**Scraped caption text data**
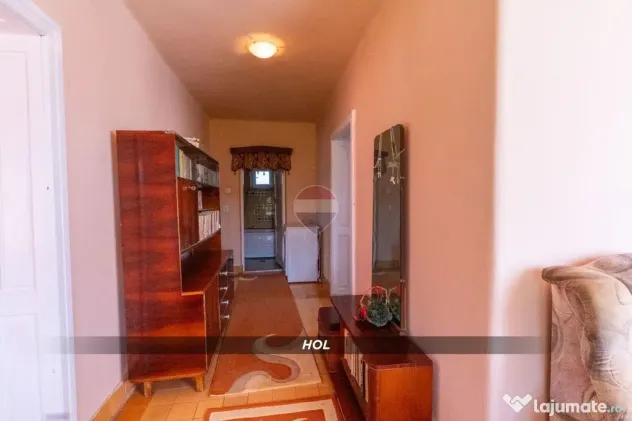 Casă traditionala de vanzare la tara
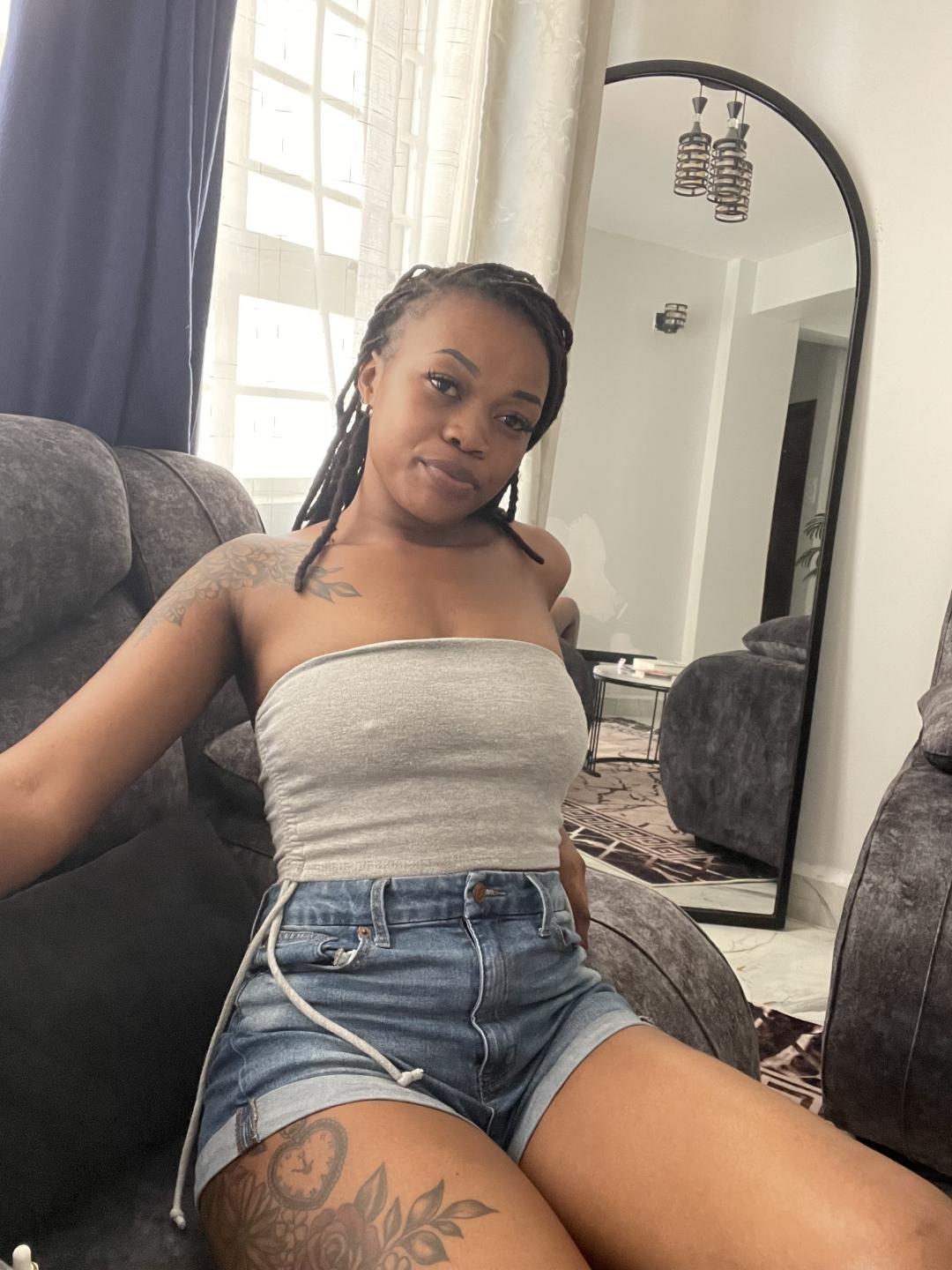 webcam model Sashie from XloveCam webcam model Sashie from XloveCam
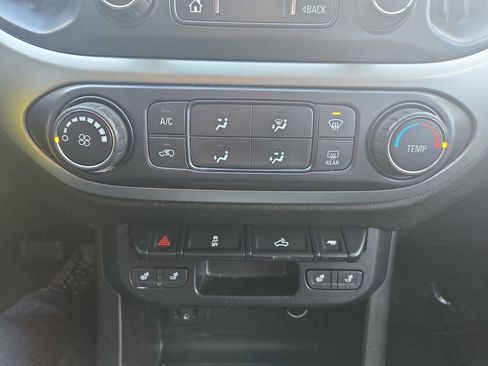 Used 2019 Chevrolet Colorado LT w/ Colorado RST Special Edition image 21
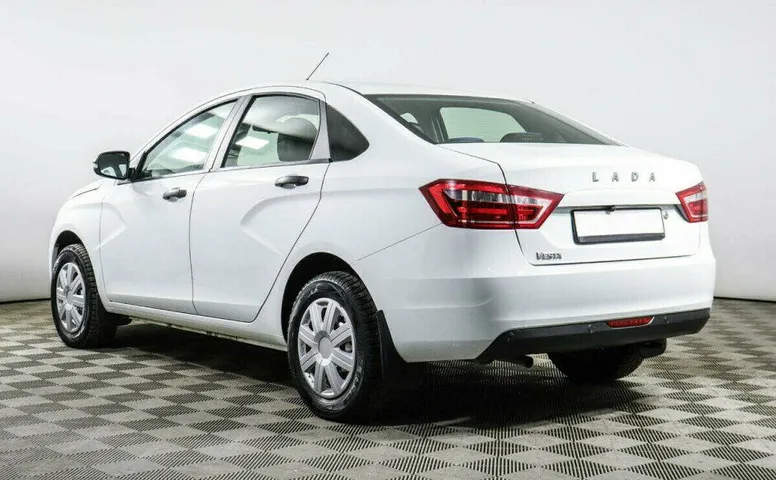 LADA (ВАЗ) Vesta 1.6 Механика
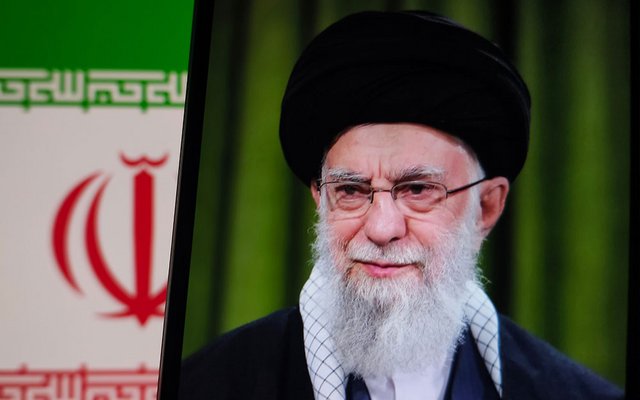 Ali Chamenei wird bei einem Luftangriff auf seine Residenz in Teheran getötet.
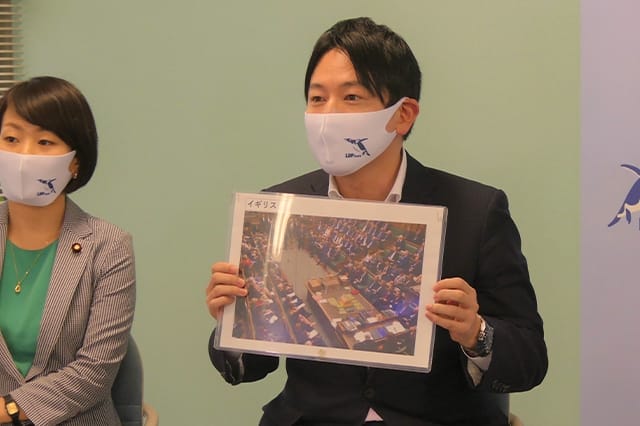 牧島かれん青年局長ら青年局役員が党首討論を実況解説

**Activity**
Exclude the pictures and print the rest of the data exactly.

**Written solution**
 Casă traditionala de vanzare la tara
 webcam model Sashie from XloveCam webcam model Sashie from XloveCam
 Used 2019 Chevrolet Colorado LT w/ Colorado RST Special Edition image 21
 LADA (ВАЗ) Vesta 1.6 Механика
 Ali Chamenei wird bei einem Luftangriff auf seine Residenz in Teheran getötet.
 牧島かれん青年局長ら青年局役員が党首討論を実況解説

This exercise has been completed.